▸ Problem:
Reproduce the whole listing exactly and let no picture into the copy.

▸ Records supplied:
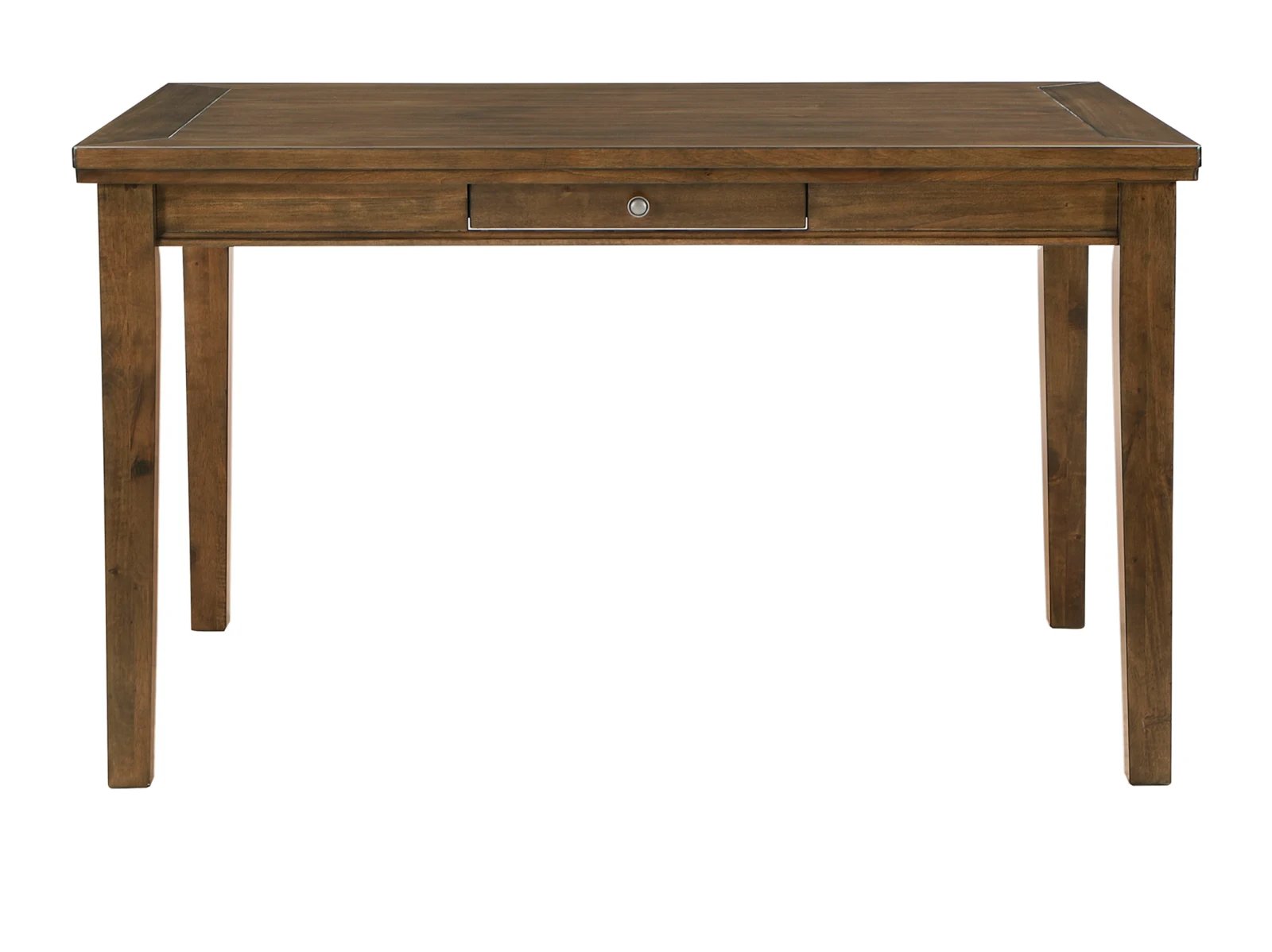Hicks Counter Height Table - Image 4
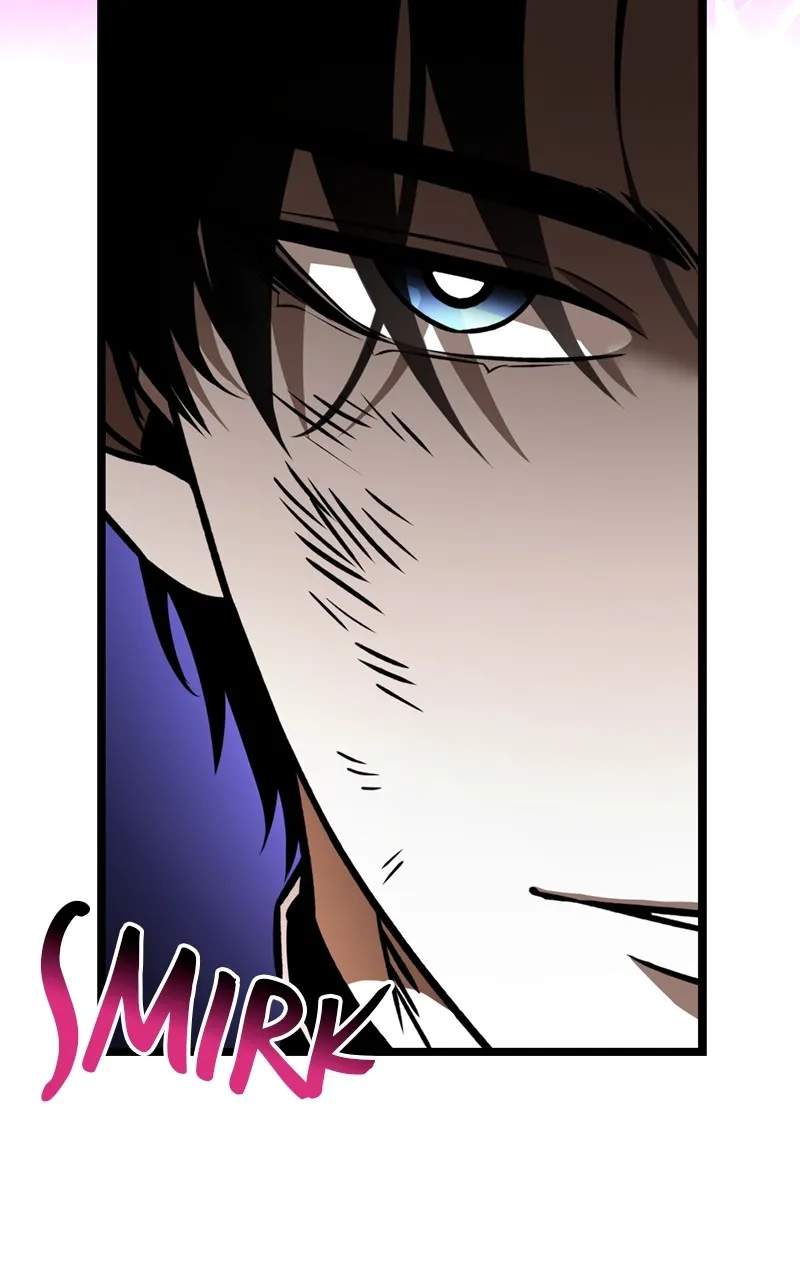 Read Reincarnator chapter 30 image 117 on Lezhin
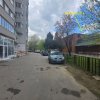 Spatiu comercial 101mp Dristor McDonald's Metrou Stradal Camil Ressu thumb 14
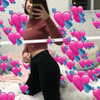 dafnudes Altpins Profile Picture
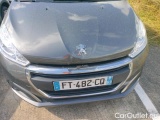  Peugeot  208 BLUEHDI 100 S&S PREMIUM PACK #19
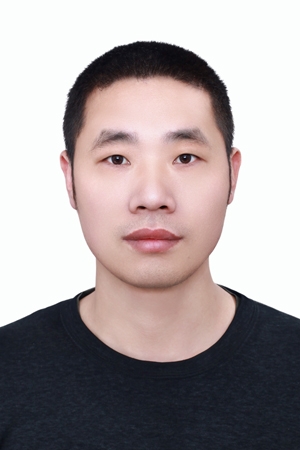 xiaogege的第一张照片--柘荣相亲网
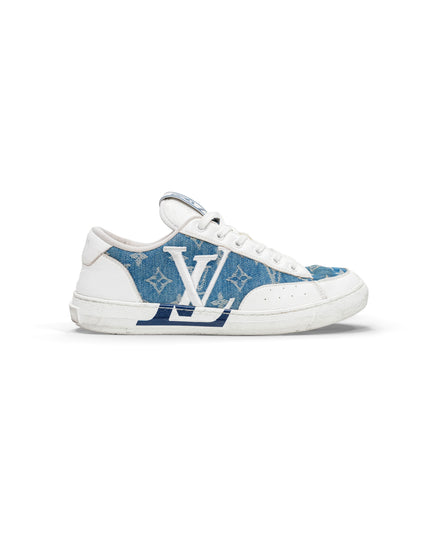 Charlie Trainers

▸ Answer to the problem:
Hicks Counter Height Table - Image 4
 Read Reincarnator chapter 30 image 117 on Lezhin
 Spatiu comercial 101mp Dristor McDonald's Metrou Stradal Camil Ressu thumb 14
 dafnudes Altpins Profile Picture
  Peugeot  208 BLUEHDI 100 S&S PREMIUM PACK #19
 xiaogege的第一张照片--柘荣相亲网
 Charlie Trainers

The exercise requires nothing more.